The purpose of this lesson is for my students to engage in mental calculations with percentages.
When I first started teaching I noticed that my students did not do percent calculations the way adults do. (Nor do textbooks teach percent calculations in the way that adults do it!) As I watched my students using a pencil and paper algorithm I realized two things:
In my experience, mental calculations are much faster and generally make more sense to students. When students understand that most percents can be built from 10 Percent they become much more flexible and accurate in their calculations. Moreover, by solving problems mentally students often think about the relationships between the numbers, observing patterns and making generalizations.
Students begin today's Warm up when they enter class:
Angel sells electronics at Best Buy. For every $100 of electronics that he sells he will be paid a $10 bonus (over his regular hourly pay). What percent of sales is his bonus? How much bonus pay will he recieve if he sells $6000 worth of merchandise?
I expect students to solve this problem in multiple ways. But, I have written the problem in such a way that I anticipate equivalent fractions will be part of the conversation. I know that one misconception my students often have is that if the denominator is a dollar amount (or some other label) that it can't also be the percent. I want my students to understand that a percent is just a special ratio comparing to a quantity of 100 and that the quantity arises from the context of the problem.

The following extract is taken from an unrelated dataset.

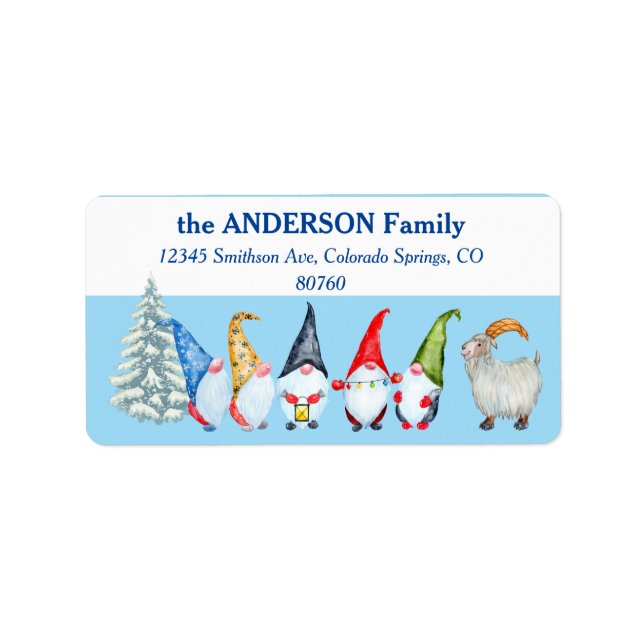 Five Little Christmas Gnomes Return Address Label (Front)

As always I have students share their answers first in their Math Family Group. Then, we will discuss the problem as a class. As they share multiple methods for finding 10%, I expect my students to make connections between their own strategy and the structure that reasoning with percents gives to a problem (MP7). I have included two video examples illustrating my students' thinking about the problem:
Next, I introduce my Cup Model and I teach students how to "fill the cup." On one side of the cup is the percent full and the other side (opposite ends of the water line) is the quantity in ml. The idea is to build (Scaling up) from 10%.
As my students are working out their strategy I circulate to see what they are coming up with. Some students will use repeated addition (10% + 10% + 10%), others will multiply (10% x 3), and others will add parts (10% + 10% + 30% = 50%).
When teaching my students to use this model I start with powers of ten (800 ml., 1200ml.) and stick with percents that are multiples of 10. As my students gain confidence, I start to ask about 5%, 25%, 75%, etc. Most years, the progression moves quickly once a student has shared the halving method for finding 50%.
If there is time to take things a step further: I tell my students how much liquid the cup holds when it is 20% full and I ask them, "How much liquid can the cup hold?"